Families will not be able to afford fuel at $3 a litre and that is where it will be heading. It will not be possible to get a 60-litre tank filled for $180 and just take it out of the budget every week. That effect will go right to the sense, style and quality of life of so many working families, especially in our suburbs. It will make the economics of transport and the economics of people in regional areas immensely difficult. This cost overlay will filter into every section of our economy. On this issue, which is coming to our horizon, we have not seen one policy by the Treasurer or the current government as to how they are going to manage it. How high do we need the price of fuel to go before it becomes a requirement of the government to start dealing with the issue? It is the No. 1 consumer item of concern today. The Australian people rightly have an inherent fear of how they are going to manage this increase in fuel prices.

I do not know whether it is a panacea but we have always put on the table biofuel, not because of any particular reason but at least as a move towards a solution. I do not for one moment say it is a solution to everything, but at least it is a step in a suite of possibilities that we need to take on board if we are going to maintain the quality of life as expected now by people who see a motor vehicle as part of the expression of their economic freedom.

Climate change is another issue. I refer also to one of the issues that Senator Heffernan brought up. We have to be more proactive in how we develop new areas of this nation to produce food for the nation if you truly believe climate change is what is occurring. You cannot have it both ways. You cannot say: ‘You’re a sceptic; you don’t believe in climate change. However, we’re not going to propose any concrete and definitive plan for how to deal with it, especially in how we feed ourselves.’ If climate change is happening—and I believe that climate changes all the time; it is obviously changing—then where is our plan for the development of the north? Why does this get compartmentalised as an issue that is not of concern? We cannot go on with a total reliance on the Murray-Darling Basin scheme if the capacity for it to produce food is diminished. We must find the next step. It must be in the development of the north and it is going to require changes to federal policy and to state government policy, especially tree-clearing guidelines, wild rivers legislation and these things that really we have to have another look at if we are serious about this problem.

A final issue that I want to briefly touch on is the concern I have when people start talking about reforming the federation. For me, reforming the federation is a key to centralisation. I have a concern that what we are seeing now with the current government is that it will be operated out of one office and that is Mr Rudd’s. It will be a government which will be completely centralist and socialist in its application of how it deals with the Australian people.
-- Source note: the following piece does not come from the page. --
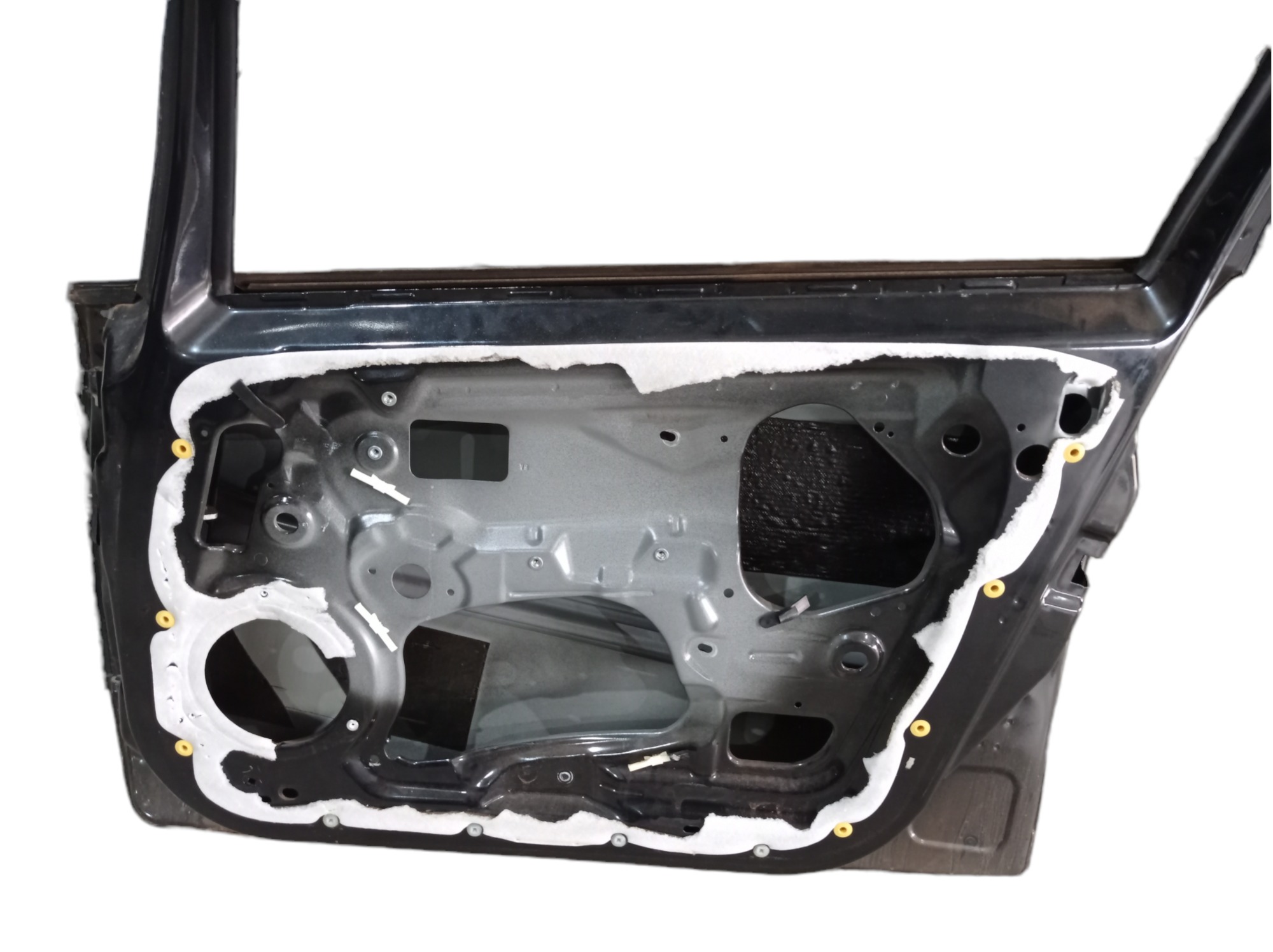 Porta Dianteira Direita Fiat Linea 2012 V468 6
It will be a government that does not espouse any adherence to the belief, to the idea, that people in certain parts of the nation have a different outlook on life. We are starting to see it already. There is a move towards the centralising of the bureaucracy, the centralising of control. It is manifestly growing and it will grow in the same form as the way Mr Rudd operated when he was in Queensland. It is about to be levelled at us here.

That is especially pertinent in this chamber because as senators it is incumbent upon us to make sure that we keep the aspect of decentralisation—that protection of a second chamber and that protection of the review and amendment of decisions. We need to make sure that the parliamentary process, which is always the best mechanism of democracy and freedom for a nation, remains sacrosanct. I implore all senators to remember that when they came to this chamber they swore an oath of office that they would uphold the Constitution. To my Labor colleagues I say that that will mean that at times you have to have the capacity and the desire to challenge even your own government.